(Directions for this task): Output the listing below verbatim, but drop the images.

(Data section):

-------------------------

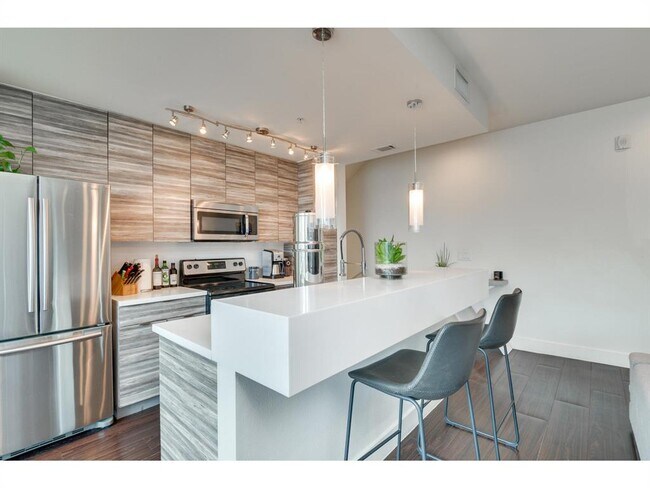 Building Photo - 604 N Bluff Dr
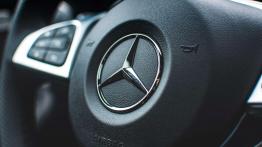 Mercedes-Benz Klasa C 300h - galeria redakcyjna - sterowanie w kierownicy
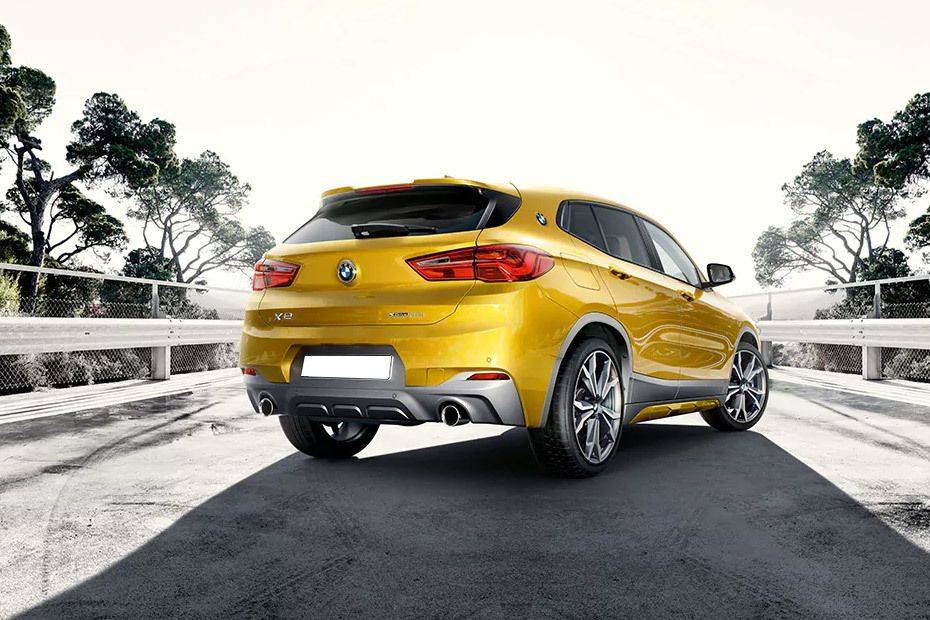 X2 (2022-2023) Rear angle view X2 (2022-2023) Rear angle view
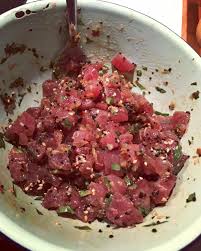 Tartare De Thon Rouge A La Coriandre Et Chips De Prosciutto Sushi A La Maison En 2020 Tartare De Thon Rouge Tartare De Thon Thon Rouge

-------------------------

(Solution to this problem):
 Building Photo - 604 N Bluff Dr
 Mercedes-Benz Klasa C 300h - galeria redakcyjna - sterowanie w kierownicy
 X2 (2022-2023) Rear angle view X2 (2022-2023) Rear angle view
 Tartare De Thon Rouge A La Coriandre Et Chips De Prosciutto Sushi A La Maison En 2020 Tartare De Thon Rouge Tartare De Thon Thon Rouge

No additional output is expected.